I think Argentina really landed with its bum in the butter when it comes to South American land distribution.

Bordering on three countries, namely Argentina, Brazil and Paraguay; the best part of Iguazu Falls could so easily have fallen within any one of these countries. Admittedly Brazil also does have claim to this majestic wonder of the world, but the Argentinian side of the falls are by far the most spectacular and beautiful. Sorry Paraguay, you pulled the shortest end of the straw here even though a guy from Paraguay discovered this place back in the mid-1500s!

We arrived after yet another painstakingly long bus trip from Buenos Aires to the little town of Puerto Iguazu. This place reminded us a bit of Rurrenabaque in Bolivia. Hot, humid and sticky with loads of dirt roads and palm trees dotted about all over the place.

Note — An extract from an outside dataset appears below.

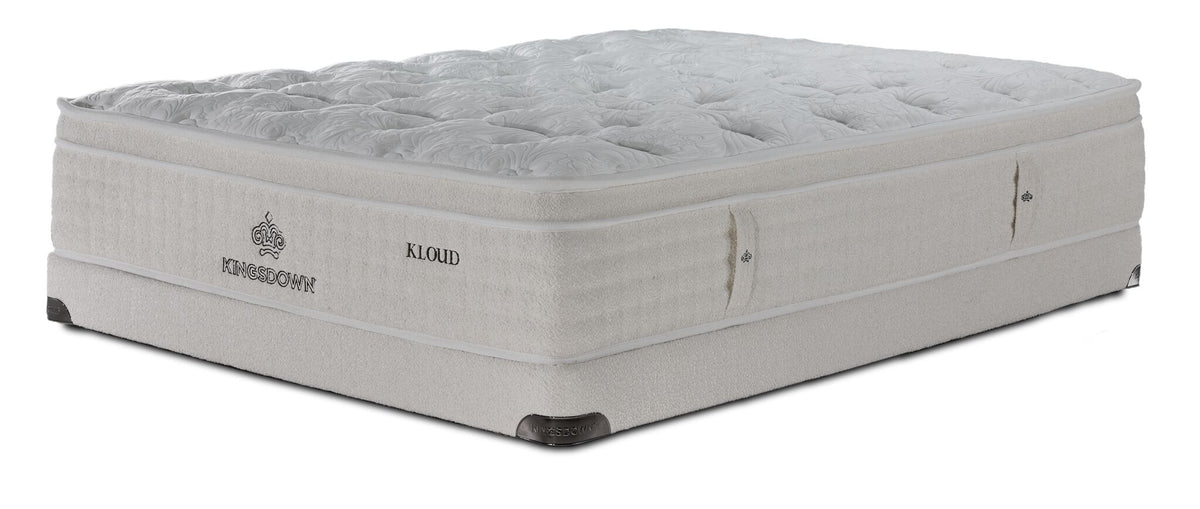 Three-quarter view of Kingsdown Atmosphere Firm Euro Top Queen Mattress and Low Profile Boxspring Set in beige.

Arriving at the bus station we were directed to the area where we could catch a local bus to our hostel. Having no idea of the bus number etc and with not a word of English being spoken (and us feeling irritable and tired), we decided to take the easy route out and grab a taxi instead. Turns out the bus option was actually pretty easy to grasp and instead we ended up supporting the local taxi industry here for the next few days as we were ripped off by our taxi driver who drove us the 5km's out of town to our hostel for 40 pesos ( -R100) when a bus would have cost us just 5 pesos - oh well you live you learn!

We arrived at the "Hostel Inn", an almost oasis-like setting with a massive pool sweeping around the entrance with gringos just chilling about drinking nice cold brewskis! Oh yes, the next few days were going to go down a treat!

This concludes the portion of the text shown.